It is cheaper to pay gift tax now than it is to pay estate tax upon death, so making gifts during life is generally good planning. The low gift tax rates for this year, however, make it particularly attractive. In 2010, the gift tax rate has been reduced to 35%, compared to 2009’s 45% rate and 2011’s 55% rate. For the individual who has already used his or her $1 million lifetime gift exemption, and can afford to make further gifts, now is an excellent time to gift cash or assets to a trust for children, or even better, for the benefit of grandchildren and more remote descendants. The downside to this technique is that gift tax has to be paid now instead of paying tax upon death. Analogous to Roth IRA conversions, there are significant benefits in most cases to paying the gift tax now. If you were planning on making taxable gifts anyway, doing so in 2010 before year end, may be extremely beneficial as it may result in reducing the gift tax by

20%-30%.

For existing trusts that are not exempt from the generation-skipping transfer tax, referenced earlier, this year presents the perfect opportunity to make distributions to grandchildren, or more remote descendants of the creator of a trust, free from the generation-skipping transfer tax. With assets at depressed values and low interest rates, 2010 is also an excellent time for making loans and taking advantage of other gifting opportunities.

Family Limited Partnerships and LLCs

Even if there is permanent estate tax repeal, there will be good reasons, particularly with an active family business or family investments that are closely managed, to shift existing assets and future appreciation to younger family members while allowing the senior family members to retain control, especially during a period of depressed business values.

If the gift and estate tax laws get re-enacted, and there is going to be a change in these tax laws, one area that has been targeted for reform is the use of discounts in valuation. Since such discounts are one of the prime tax benefits of family limited partnerships, this provides another reason for planning now to take advantage of this tax saving opportunity while it still is available.

Charitable Planning

The charitable remainder trust (CRT), primarily an income tax planning vehicle, permits you to transfer appreciated property to a tax-exempt trust, which in turn sells the property and reinvests the proceeds and pays you an annuity or unitrust amount each year thereafter. This strategy also provides an estate tax deduction for the remainder interest passing to the charity when the trust ends. The CRT continues to be a valuable estate planning tool, especially in the current state of uncertainty. A charitable private foundation is another vehicle that serves important income and gift tax purposes, so its use should remain attractive in 2011.
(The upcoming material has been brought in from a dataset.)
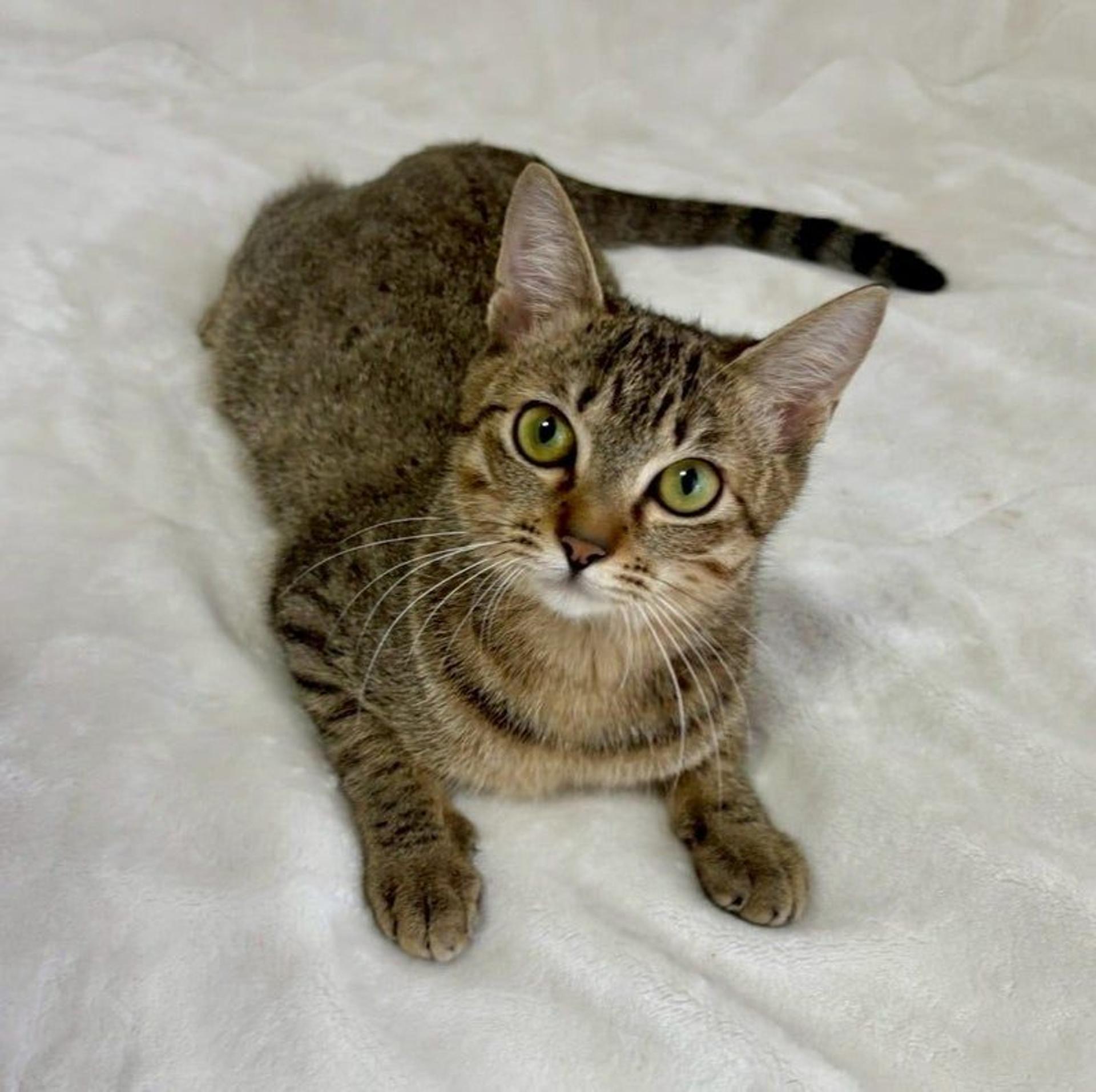 pet-image-3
Continued Role of Life Insurance

Many clients still need life insurance for purposes other than paying federal estate taxes. For example, life insurance will still be needed to fund business buy-sell agreements, to serve as an income replacement for dependents of a deceased family breadwinner, and as a means of leveraging annual exclusion gifts. These needs will not be reduced by estate tax repeal and may increase with the proposed 2011 lower estate tax exemption. With the long delay and ultimate uncertainty of estate tax repeal, be careful about dropping or reducing existing life insurance coverage. An irrevocable life insurance trust (ILIT) remains an important planning technique to exclude life insurance proceeds from the gross estate.

Fund Grantor Retained Annuity Trusts

A Grantor Retained Annuity Trust (“GRAT”) allows people to give a portion of an asset’s future growth to heirs tax free. This type of trust works best when interest rates are low and asset values are depressed, and given the current economic environment, now is a perfect time to set up and fund a GRAT. Congress has targeted GRATs as another area for tax reform, which makes it even more important to proceed with such plans now, before year end.
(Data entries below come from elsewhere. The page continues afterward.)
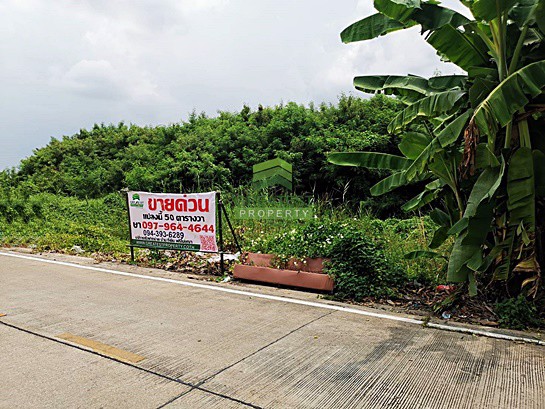 ขายด่วน-ที่ดินเปล่า-ซอย-นายตึ๋ง-เนื้อที่-50-ตรว-ศาลากลาง-นนทบุรี-ทำเลดี-ติดถนน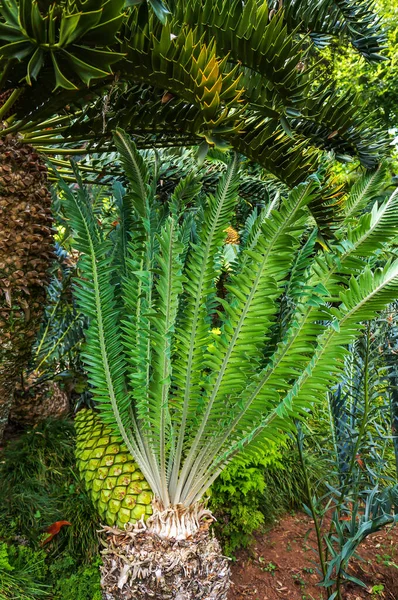 Cycad Encephalartos Manikonsis Starożytna Palmowa Roślina Tropikalna Subtropikalna Dużym Stożkiem — Zdjęcie stockowe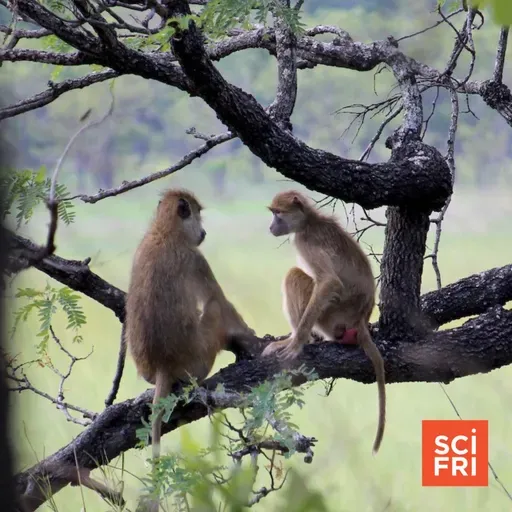 Can Men and Women (Baboons) Really Just Be Friends? | The Best Bear Deterrent May Be Drones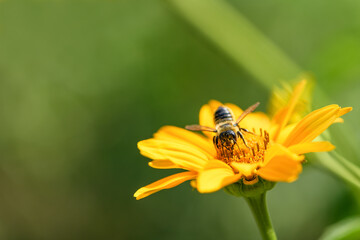 Bee and flower. Close up of a large striped bee collecting pollen on a yellow flower on a Sunny bright day. Summer and spring backgrounds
One of the most tax advantaged planning opportunities for GRATs involves a short-term GRAT, for example, with a term of 2 years, funded by assets expected to substantially increase in value. If structured properly, the GRAT can be established in a manner so as to generate virtually no gift tax consequences, while passing substantial growth and appreciation in the assets to the next generation tax-free.

Congress has proposed a new restriction on GRATs which would require a minimum term of ten years. However, a ten year GRAT is much less attractive to many clients for a number of reasons. For people with shorter life expectancies, a ten year GRAT may not result in any tax savings, because the entire value of the trust will be subject to the estate tax if the donor dies before the end of the ten year term. Also, longer term GRATs are less desirable for clients who want to lock in short term gains on volatile assets.

The applicable federal rate set by the IRS is currently a record low of 2%, which means that all growth and profit on the GRAT assets in excess of 2% per year can be shifted to the next generation tax-free. By using currently depressed asset values with the currently favorable rate set by the IRS, substantial wealth can be shifted efficiently to the next generation. However, if Congress acts, as expected, to require a minimum ten year term for GRATs, this method will not produce as much in tax benefits as available under the current rules. This is especially true in light of the current 35% gift tax rate. But even if Congress acts to establish the estate tax retroactively for 2010, it is considered unlikely that any reform of the tax law regarding GRATs would be adopted retroactively. Therefore, the window of opportunity for short term GRATs is likely to be available for GRATs established and funded before year end, regardless of Congressional action to re-enact the estate tax retroactively.

Non-Tax Reasons for Estate Planning

Even if the federal estate tax exemption amount is permanently increased to an amount that is well above the size of a couple's assets, there are still many non-tax reasons why you should have your estate plan periodically reviewed and updated. At a minimum, you need to have documents in place that adequately answer the following questions:

What will happen if during my lifetime I become unable to take care of my own personal and health needs?

What will happen if during my lifetime I am no longer able to manage my assets?

Who will receive my property at my death?

Who will settle my affairs after my death?

As to your intended beneficiaries, Congress obviously cannot legislate away problem areas such as spendthrift heirs, handicapped children, substance abuse, divorce, and immaturity. Protecting beneficiaries in these situations will remain an important estate planning goal.

Carryover Basis for Deaths in 2010

For those estates where death occurs at a time when the federal estate tax is not in effect (as of now, during calendar year 2010), inherited assets passing to beneficiaries, while escaping the federal estate tax, will be subject to the carryover basis rules. Simply put, Congress has replaced the loss of estate tax revenue in 2010 with income tax revenue.

Under the prior tax, law heirs took a basis in inherited assets equal to the fair market value of such assets as of the decedent’s date of death (a “step up” basis). However, under the law in effect for this year, heirs would not have a step up basis, but rather would take a carryover basis equal to the decedent’s basis in the property. Thereafter, under current 2010 law, the executor of an estate has the ability to allocate a credit of 1.3 million dollars of capital gains basis to any selected carry-over basis assets passing to the decedent's beneficiaries, and an additional $3 million basis increase for carry-over basis assets passing to spouses. It is expected that Congress will also act to change this, but in the meantime these basis rules must be considered in estate planning and tax planning for sales of inherited property.

Caveat on MA and RI Estate Tax

The changes in federal estate law will not affect the Massachusetts and Rhode Island Estate Tax, which will continue to be imposed on the transfer of taxable property at death (other than to the surviving spouse). The first $1 million of estate property is exempt from taxation in the Commonwealth. The corresponding exemption in Rhode Island is lower, at $850,000.